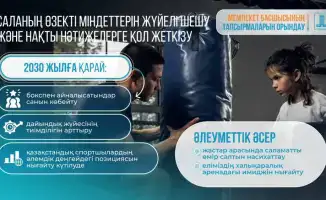 Бокс в Казахстане: новый раунд до 2030 года!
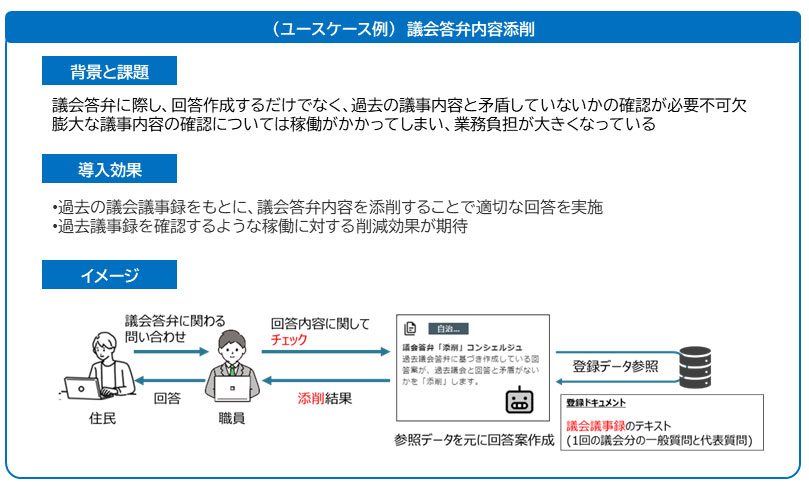 同サービスのユースケース例(議会答弁内容添削)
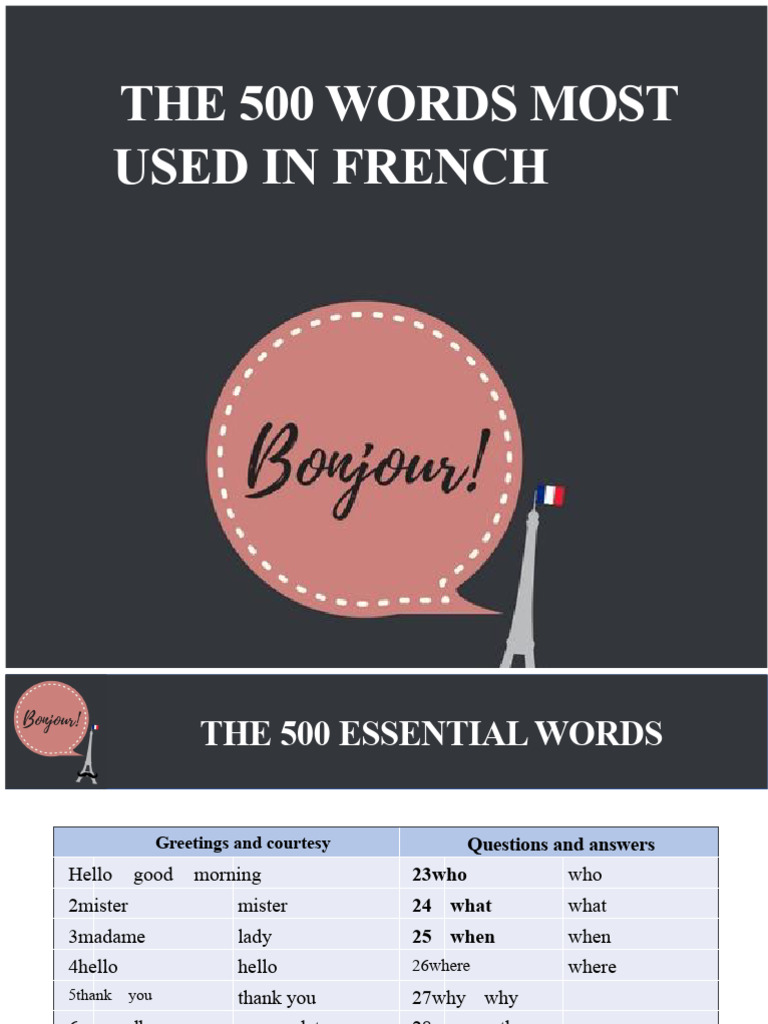 Essential 500 French Vocabulary List | PDF | Syntax | Linguistics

+---+

Everything from the line containing "同サービスのユースケース例(議会答弁内容添削)" to the last line of the listing above is to be written out exactly, except the pictures, and nothing else.

 同サービスのユースケース例(議会答弁内容添削)
 Essential 500 French Vocabulary List | PDF | Syntax | Linguistics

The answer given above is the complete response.